It is with great sorrow that I have to point out that your popularity rating (in my list) just took a big hit. This has nothing to do with the Ghosh issue but the devil is in the detail. Read on.........
In your comment you showcase atrocities committed by both sides of an issue, Chechen vs Russia, Japanese vs US (thanks for the reference “With the Old Breed”), the Holocaust but when it came to Pak vs India, you compare Pak's attack on India with Indian attack on Indian!! Why a sudden u-turn in analogy?
It is deeply disturbing to see this subtle twisting of facts to fit the issue at hand. Surely the 1984 incident was in no way less heinous than the 26/11 incident, in fact I consider it worse than 26/11 but to suddenly plunk it after a long list of tit-for-tat examples.......... no Mr D'souza, it is not at all acceptable.
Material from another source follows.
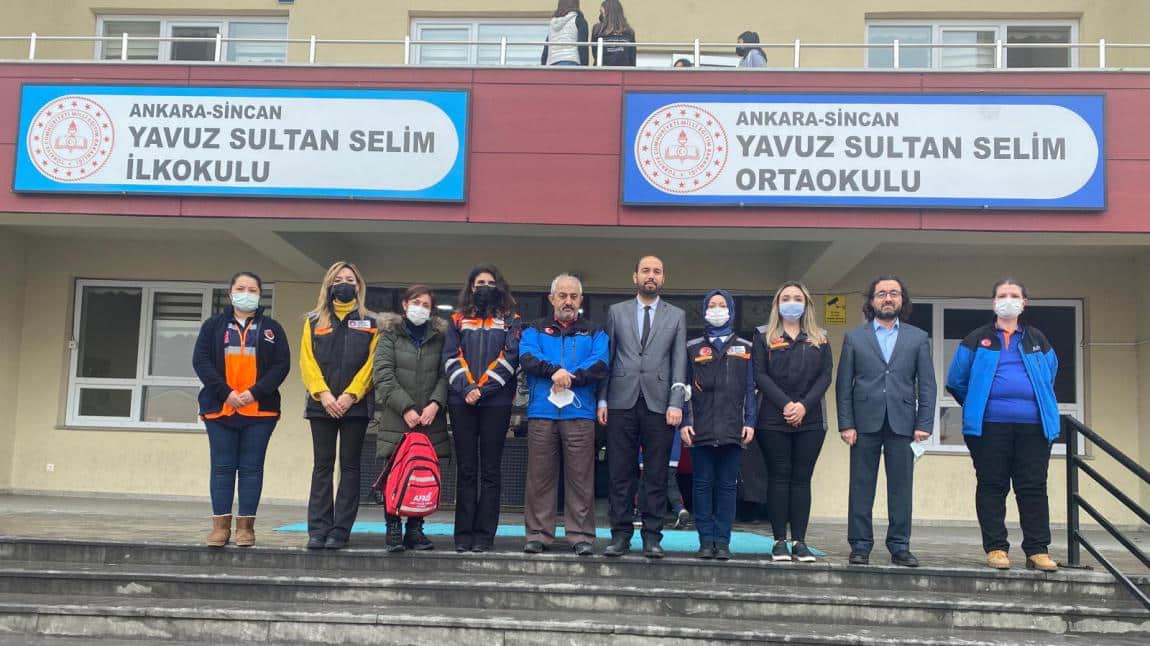 Afad yetkilileri ve Sıncan belediyesi personelimize teşekkür ediyoruz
It may not be intentional or you might come up an actual example of Indian atrocity over Pak but from now on your statements will have to be considered with a grain of salt.
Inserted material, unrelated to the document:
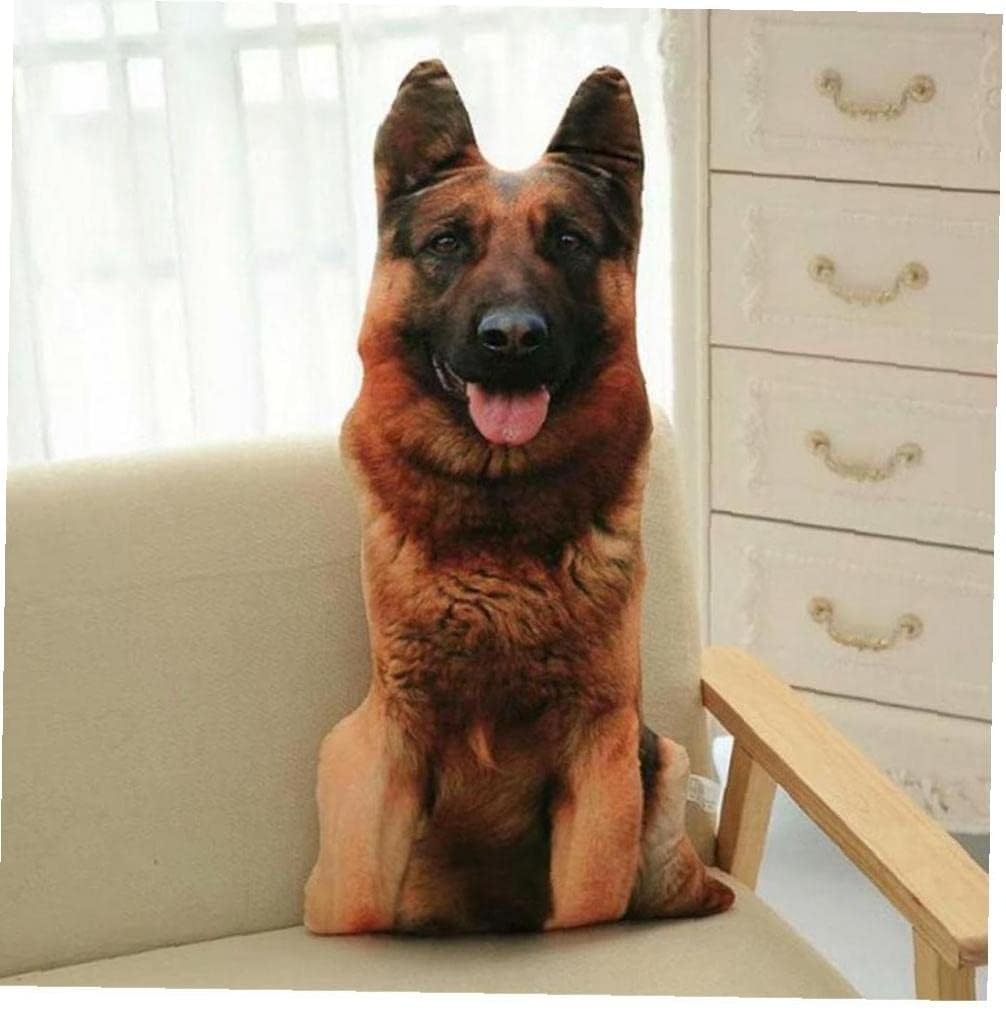 Froiny Lifelike Dog Plush Stuffed Animal Pillow Cushion Simulation Plushie Pet Toy for Kids Children Baby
Yes, that connection and equivalence was bizarre. Though not exact verisimilitude, a similar comparison would be "Islamic terror against the US on Sept 11/ 2001, and the Ku Klux Klan terror against civil rights activists" Say, what?
Well it's a lot of money to not spend on yourself and just GIVE away. Easy to prescribe, difficult to deliver. If he did so it would be amazing.
AK: some reactions.
* My intent is hardly to showcase (only) tit-for-tat atrocities, or to "compare" them (what's the metric to compare atrocities?) It is to make the point that horrific acts are plenty, period.
* Yet of course I too consider that 1984 was no less heinous than 26/11, and that's exactly why it is there. Because there are Indians who judge Pakistan by the horror of 26/11, but are inclined to wave away 1984 (one such on this page). If 26/11 taints Pakistan for them, why does 1984 not taint India?
* While I'm sorry about the rating and the salt, I cannot write so that I'm popular with everyone. I write to make my points and offer something to think about. If that makes me unpopular with some folks, that's the lay of the land.
Anon 204: but think of the power of a gesture like that.
Boskoe, thanks.
Dcubed - I think your solution seems fair enough.
I recently heard Norman Finkelstein, another truly great scholar on the subject of Palestine. He quoted the Caribbean poet Aimé Césaire,
"There's room for everyone at the rendezvous of victory"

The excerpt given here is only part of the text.